The developer of a hotel and residential complex near the Richmond Olympic Oval is asking for an eight-week extension on final approval of the project in order to avoid having to create more affordable rental suites.
City council upped its requirement for affordable housing units from 10 per cent to 15 per cent in city centre developments about 18 months ago.
The Landa development, on Elmbridge Way, was grandfathered into the lower amount due to the timing of its application.
This was contingent on having projects ready for final approval within a year.
However, because city council asked Landa to do some extra work on traffic management, it was given an extension of about five months more - to April 15 - for final adoption.
Now Landa is asking for another extension of eight weeks on its final approval by city council.

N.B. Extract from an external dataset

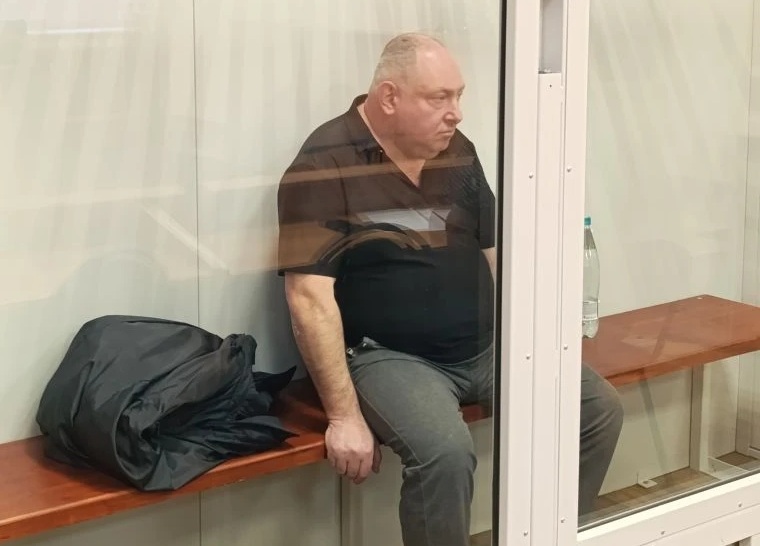 Обвиняемого во взятках главврача саратовской больницы отпустили под домашний арест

If city council doesn’t grant the extension, not only would Landa have to increase the affordable units (low-end market rentals – LEMR units), but they would also have to make 15 per cent of their units market rentals.
These changes would have “devastating financial implications” for the development, explained Landa Global Properties in a letter to city council, given higher construction costs and higher interest rates.
“15% LEMR and 15% market rental was not a consideration when the site was purchased in 2019 and implementing this into the project at this stage would render the project unviable,” the letter continues.
Landa explains that it has been working “tirelessly” with the city but some legal paperwork is still outstanding, which means they cannot meet the April 15 deadline.
While city staff didn’t recommend approving the eight-week extension, given it went against policy, the planning committee decided to allow it in order not to stall the project further.
This decision will need final approval at a city council meeting.
The development proposal is for 356 residential units and a 189-room hotel.
City staff estimated, if Landa had to redesign the project with more affordable and rental units, it could add another 18 months to the project in a “best-case scenario.”
If the extension wasn’t allowed, the number of low-end market rentals would have to increase from 30 to 45 and the developer would also have to build 45 market rental units.
Wayne Craig, the city’s director of development, said the eight-week extension should be “sufficient and realistic” to get the project off the ground.
The development community is under “tremendous stress,” Craig added, with construction costs up five to six per cent and high interest rates also up.
“There are a number of factors impacting project viability at this time,” he told the planning committee.
An agreement on the affordable housing units for the project was approved by city council last week.